Harland's work is an examination of the literary and archaeological remains of western Asia Minor in the first few centuries of the Christian era. The region and the period were particularly fertile for the Christian movement, as is immediately apparent when one considers the list of works considered to have been produced thereabouts, such as the Pastorals, Ephesians, Colossians, Acts, 1 Peter, possibly the Johannine writings, the Ignatian correspondence, and more. Such a voluminous output not only shows the importance of attaining a proper understanding of the region, but also provides us with abundant documentary evidence to use in the development ofthat understanding.

Harland's study focuses on the related phenomena of associations, synagogues, and congregations; he is concerned with "assessing and comparing the place of [these groups] . . . within the framework of the Greek city, or polis, under Roman rule in Asia Minor. More specifically, [he] focuses on the significance of imperial cults, honours and connections in the external relations and internal life of these groups" (p. 8).

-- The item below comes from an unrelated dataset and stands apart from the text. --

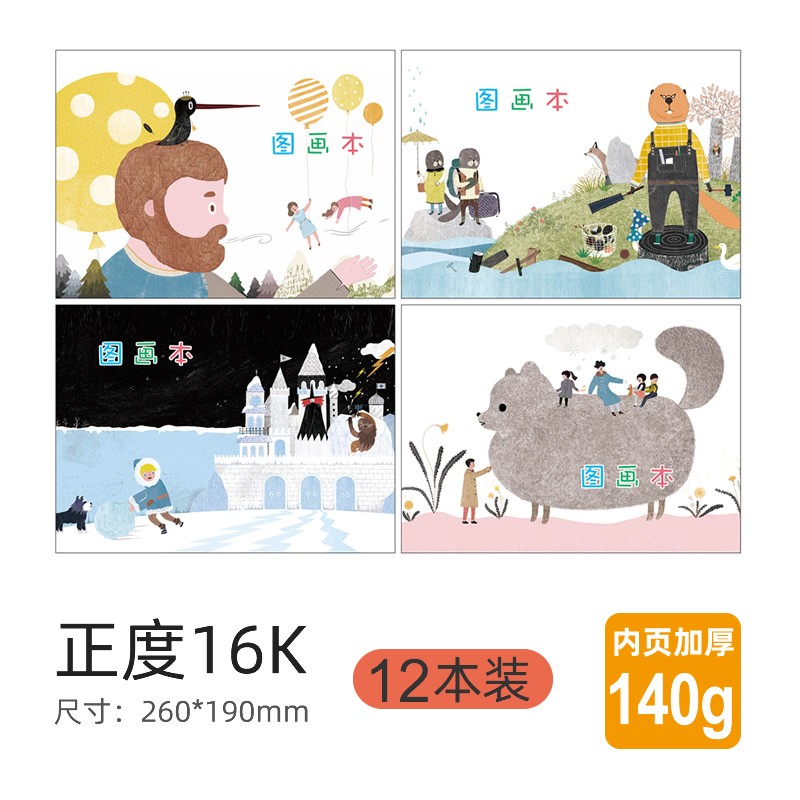 锦兔12本装儿童空白图画本画画纸绘画本子美术画本幼儿园宝宝小学生学生用画纸涂鸦手绘加厚白纸大号画册 中号-12本装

In the past, there has been a tendency to consider these three groups ([pagan] associations, [Jewish] synagogues and [Christian] congregations) as isolated from each other. Associations have been seen as the, so to speak, "indigenous" product of the Hellenistic polis, from which the early Christian groups were eager to distinguish themselves by their fanatical, aggressively sectarian character. The Jewish groups are considered to have been less vehement in their rejection of contemporary pagan norms, quietly isolationist rather than loudly secessionist, but nonetheless sharply distinguished both from pagan associations and from their Christian relatives and rivals. Harland rejects this view, however, at least in its extreme form: he argues that synagogues and congregations "were associations in important respects" and that "ancient observers . . . recognized this parallelism, sometimes describing synagogues and assemblies [used as a synonym for 'congregations'] in terms of association life in the Greco-Roman world" (p. 3, italics his). This is not to say that there were no differences between Christian, Jewish, and pagan groups; rather, Harland thinks these differences have been overstated, as has been the degree to which Jews and Christians were integrated into their predominantly pagan environment.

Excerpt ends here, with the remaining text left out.